Saturday 11 June 2016

When Love Arrives

Jadi, saya sama Nur Izzatul Muthiah bikin writing challenge lucu-lucuan. Tiap dua minggu sekali kita gantian ngasih tema untuk nulis buat satu sama lain. Maka inilah tema pertama untuk saya: when love arrives.

Seinget saya, saya sering sekali bilang, ke orang orang maupun di blog ini, cinta itu energi positif. Apapun yang membuat kamu jadi lebih baik dari sebelumnya karena seseorang atau sesuatu, itu adalah energi positif. Artinya itu adalah cinta.

Jadi ketika love arrives, ya we have to embrace it tightly. Kita harus memeluk dengan erat segala hal yang membuat kita jadi tambah positif toh? Karena aktualisasi diri ke arah yang lebih baik adalah salah satu kebutuhan dasar manusia. Tapi, yang perlu digarisbawahi adalah it is the love that we need to embrace and welcome, not the man himself. Perubahan diri yang harus kita terima dengan lapang dada dan bahagia. Bukan orangnya. Once we fall hard with some man, we always blinding ourselves. Tricking our heart and assuring our brain that he is the one, that he is the best match for us. Itu kenapa cinta selalu diikuti kata buta dan diawali dengan jatuh. Pasalnya, ketika kita sudah jatuh dan buta, bukan lagi energi positif yang kita dapat, melainkan hanya kecemasan dan kegelisahan.
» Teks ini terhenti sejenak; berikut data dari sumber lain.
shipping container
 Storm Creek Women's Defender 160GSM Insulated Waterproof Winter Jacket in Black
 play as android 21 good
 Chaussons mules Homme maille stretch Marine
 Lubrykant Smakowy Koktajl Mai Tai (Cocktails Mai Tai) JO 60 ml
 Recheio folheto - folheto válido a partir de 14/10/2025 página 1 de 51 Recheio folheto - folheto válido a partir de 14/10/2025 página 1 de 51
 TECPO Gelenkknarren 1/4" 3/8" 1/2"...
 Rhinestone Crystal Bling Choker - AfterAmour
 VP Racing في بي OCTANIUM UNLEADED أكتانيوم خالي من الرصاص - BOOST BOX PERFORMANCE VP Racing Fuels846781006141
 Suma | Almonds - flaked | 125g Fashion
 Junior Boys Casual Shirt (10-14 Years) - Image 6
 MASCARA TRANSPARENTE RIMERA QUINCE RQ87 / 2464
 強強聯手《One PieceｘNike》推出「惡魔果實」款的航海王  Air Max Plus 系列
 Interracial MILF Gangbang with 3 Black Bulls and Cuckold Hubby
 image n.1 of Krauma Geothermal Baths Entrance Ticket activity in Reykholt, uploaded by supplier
Kalau sudah bukan energi positif, berarti bukan cinta toh?

Lantas apa yang kita lakukan pada dia ketika dia datang? Pilihannya hanya dua, perjuangkan hingga ke pelaminan, atau diam saja. Diam saja. Diam dan mari disimpan baik-baik. Diam dari dia, dan juga diam dari orang-orang lain. Apa yang akan datang dari membicarakannya ke banyak orang? Apa yang akan datang dari mengaguminya melalui cerita kepada orang lain? Selain pengharapan berlebihan dan rasa cemas yang semakin tinggi. Sekali lagi, karena selalu ada jatuh di depan cinta, dan buta di belakangnya.

Saya percaya masanya akan datang di saat cinta mengetuk pintu hati kita dan mempermainkannya. Dan masanya akan datang pula ketika cinta akan mengucap salam dan masuk, alih-alih hanya tersenyum di pintu saja. Tapi sampai cinta siap untuk masuk, maka sebaiknya kita diam saja dan terus memantaskan diri toh? Karena, kata siapa memantaskan diri bukan bagian dari memperjuangkan cinta?




ps: sebenernya gambarnya nggak ada hubungannya sama sekali, I cannot help but loves that pic
pps: saya juga belum bisa mencintai dalam diam, tapi saya ingin belajar. Seperti Ali kepada Fatimah, yang mendapatkannya.
ppps: menulis tema ini, sulit sekali. Karena saya harus benar-benar berpikir dan merasa berulang kali.